En guise de réponse, je lui installe mon insigne sous le nez. Il rectifie la position.

— Vous êtes blessé, monsieur le commissaire ?

Intentionnellement, je conserve mon bras gauche pendant.

— Une simple égratignure au bras ; par exemple, mon camarade est touché sérieusement, ce salaud-là était planqué derrière des caisses et il lui a tiré en pleine face. Alertez une ambulance…

Nous pénétrons, le flic et moi, dans le hangar. Nous identifions le cadavre de Wolf, le revolver de « l’assassin », et, après quelques investigations, sous les yeux du matuche, je découvre des documents dans le vieux fourneau.

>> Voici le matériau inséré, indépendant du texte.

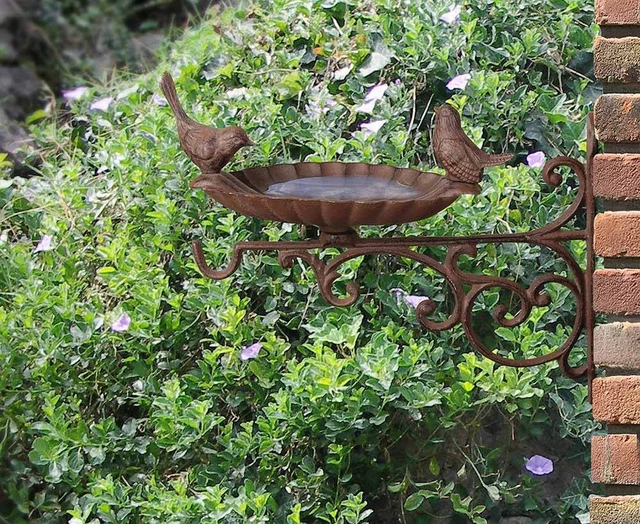 Vogeltränke Wandmontage Futterschale Vogelbad 2 Vögel Gusseisen Antik-Stil 3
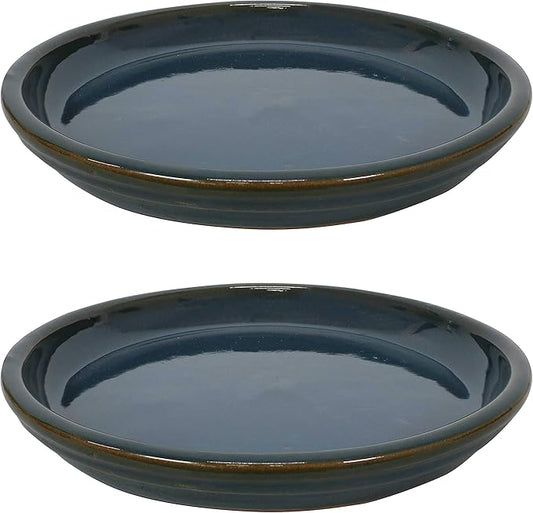 Sunnydaze 12-Inch Ceramic Plant Saucers - Plant Drip Trays for Outdoor Planter Flower Pot Drainage - Set of 2 - Forest Lake Green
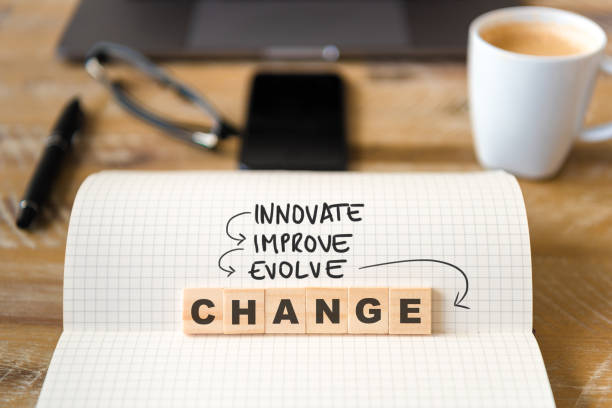 istock Closeup on notebook over wood table background, focus on wooden blocks with letters making Innovate, Improve, Evolve, Change text 989185310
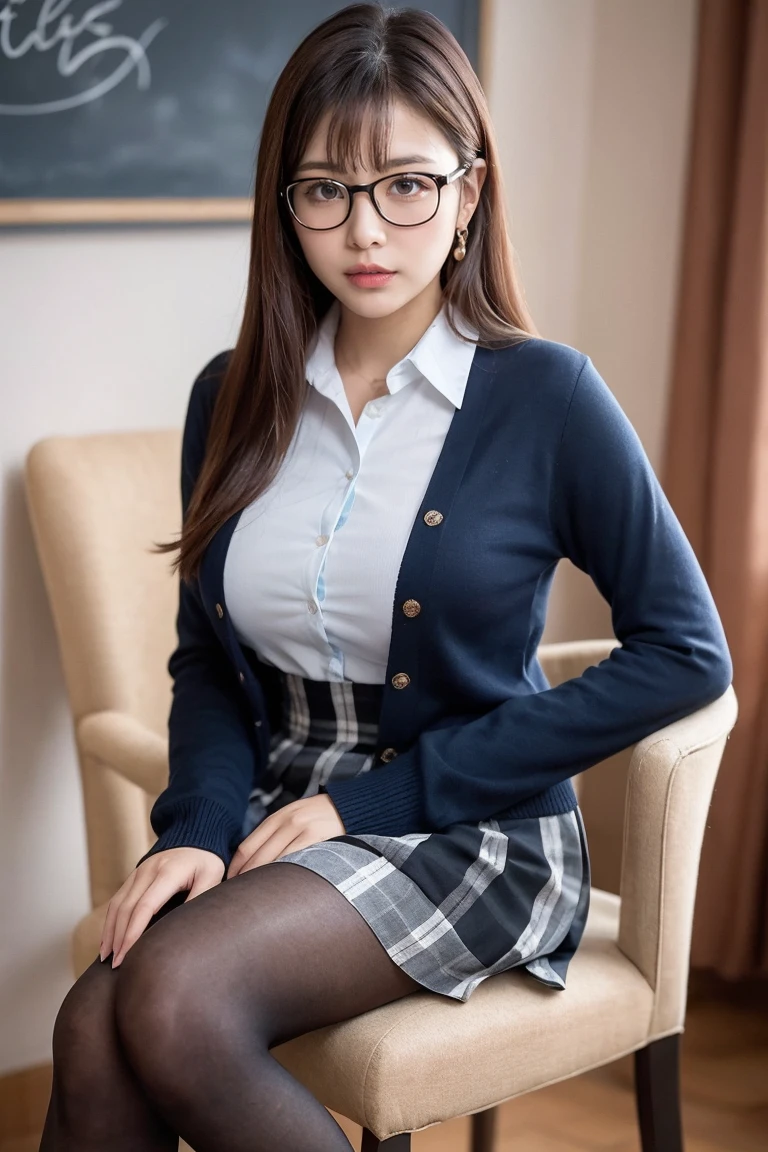 (((8k、High resolution、Highest quality、High resolution)))alone、Natural body shape、White skin、Natural Makeup、((Black Hair、bangs、Straight Long Hair))、(((Glasses)))、、(Sit cross-legged in a chair:1.6)、(())、(((((Full body photo)))))、(((Looking into the camera)))、(((Wear a uniform on the upper body)))、Bedroom、(((Of high school))) 、((white collared long sleeve blouse))、((Beige cardigan))、((Pleated skirt with dark blue plaid pattern、mini skirt、Ultra-realistic pantyhose))、、、Expressionless、((Exposing thighs))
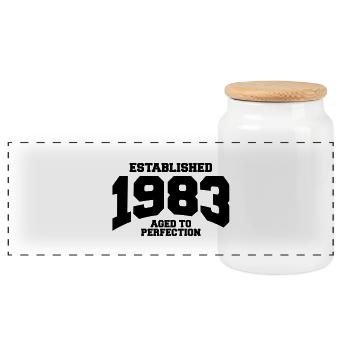 aged to perfection established 1983 (uk) - Panoramic Cookie Jar with Wooden Lid - white - Front
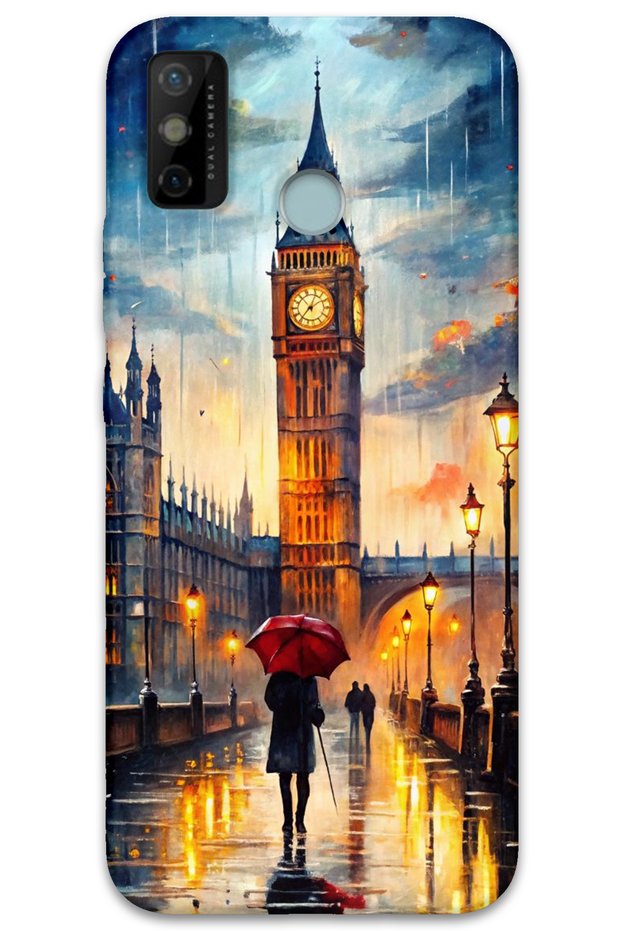 غطاء خلفي لهاتف Tecno Spark 6 Go بنمط HD مطبوع - برج الساعة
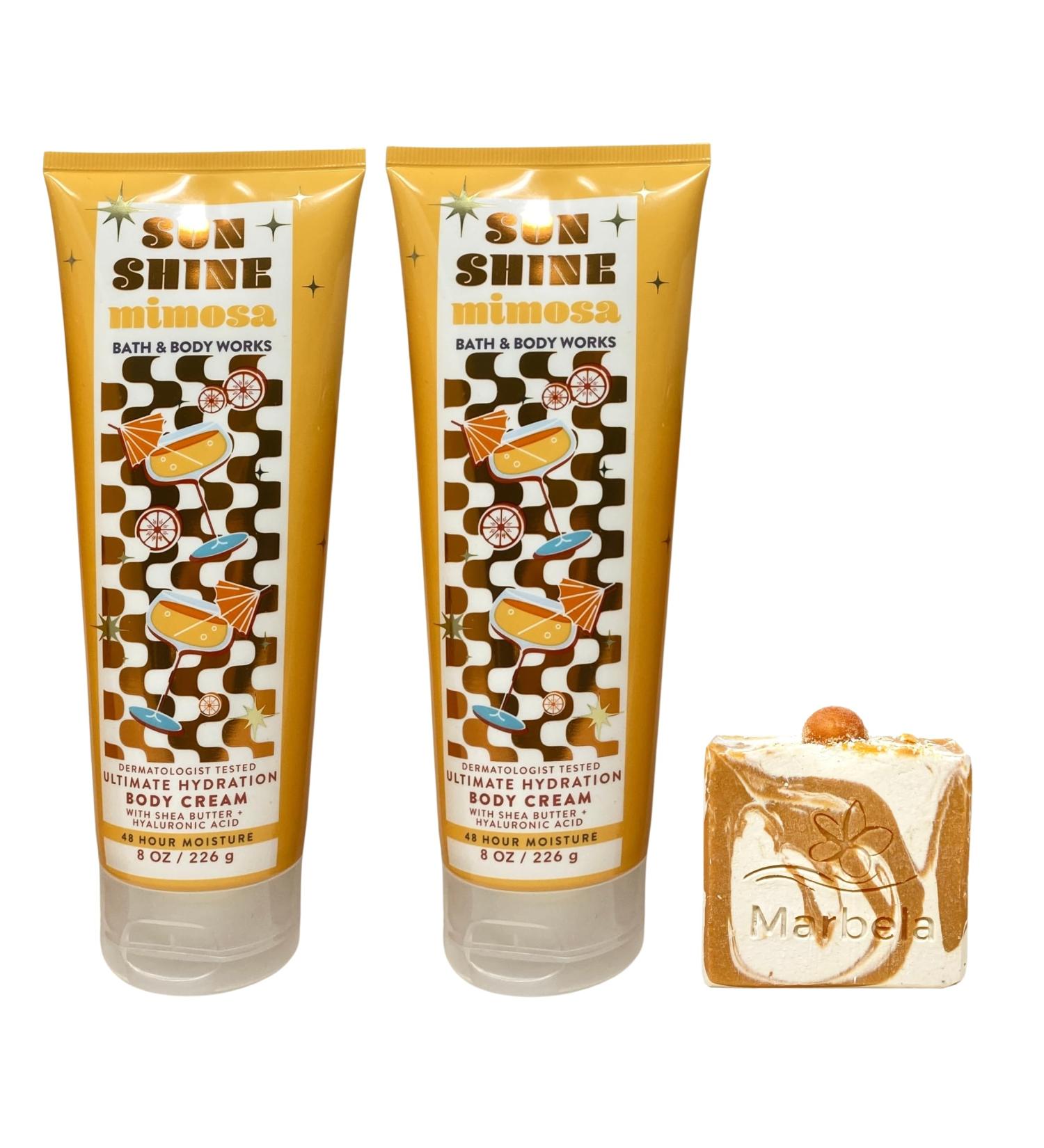 Bath & Body Works Sunshine Mimosa 2 Ultimate Hydration Body Creams with a Peach Gardenia Bar Soap - Buy Online on GoSupps.com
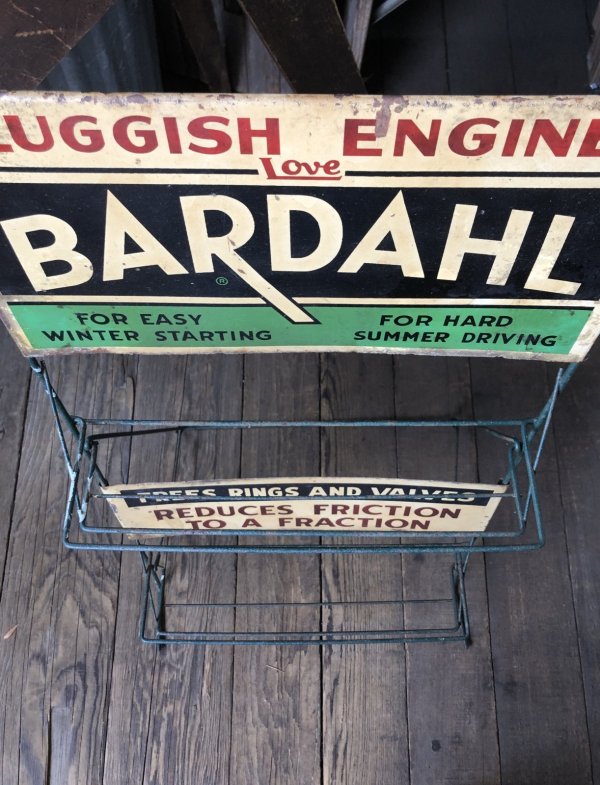画像18: RARE! 40s Vintage BARDAHL Motor Oil Additive Can Store Display Rack HTF!! (A628) 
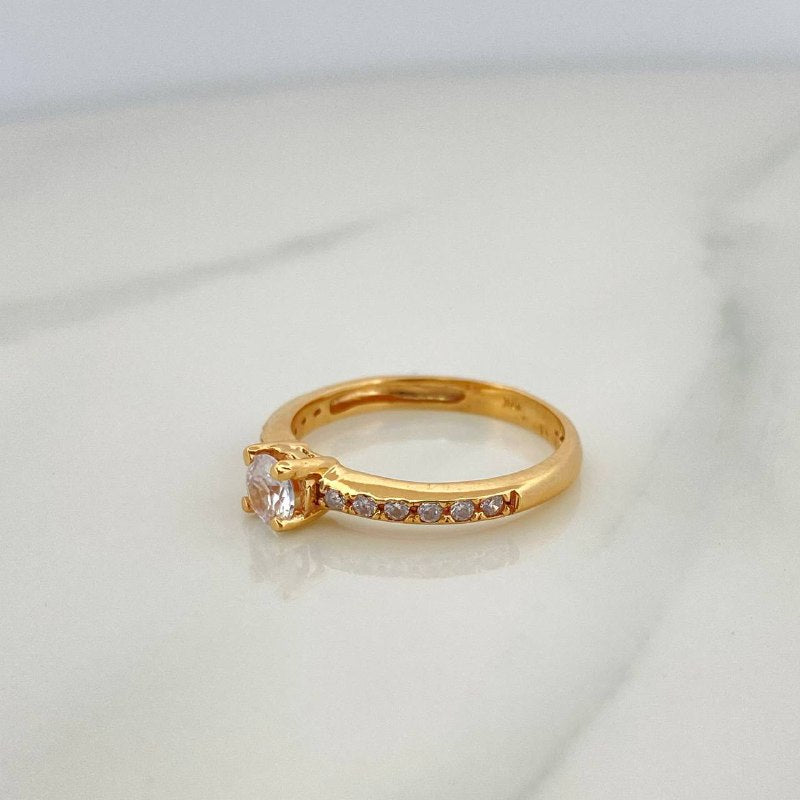 Anillo Solitario Churumbela 2.8gr / T6 3/4 / 1 in / Oro Amarillo 18K $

— C’est bien ce que nous cherchions, dis-je : les plans sont là ! Si jamais on pince cette ordure…

L’agent est tout regonflé de participer, même d’une façon toute contemplative, à une affaire d’espionnage. Il va raconter ça à sa femme, à son cousin Ernest, au petit garçon de sa concierge… Et c’est justement ce que je veux. Je lui laisse le soin d’embellir l’histoire. Ainsi, lorsque les types qui corrompaient Wolf voudront se rencarder sur les circonstances de sa mort, ils auront un de ces romans-feuilletons comme on n’en publie plus ! Un truc à faire rêver les marchandes des quatre-saisons !

L’ambulance radine. Puis les flics, des flics… On charge le cadavre de Wolf dans la cage à bidoche ; à ce moment-là je fais mine de défaillir et on m’y embarque aussi. Je préfère laisser aux autres le soin de rédiger les rapports officiels.

Une fois dans l’ambulance, sous les yeux de l’infirmier ahuri, je me mets en devoir de fouiller les fringues de mon ex-collègue. A part ses papiers, son fric, ses clés et son pétard, je ne trouve d’intéressant qu’un télégramme.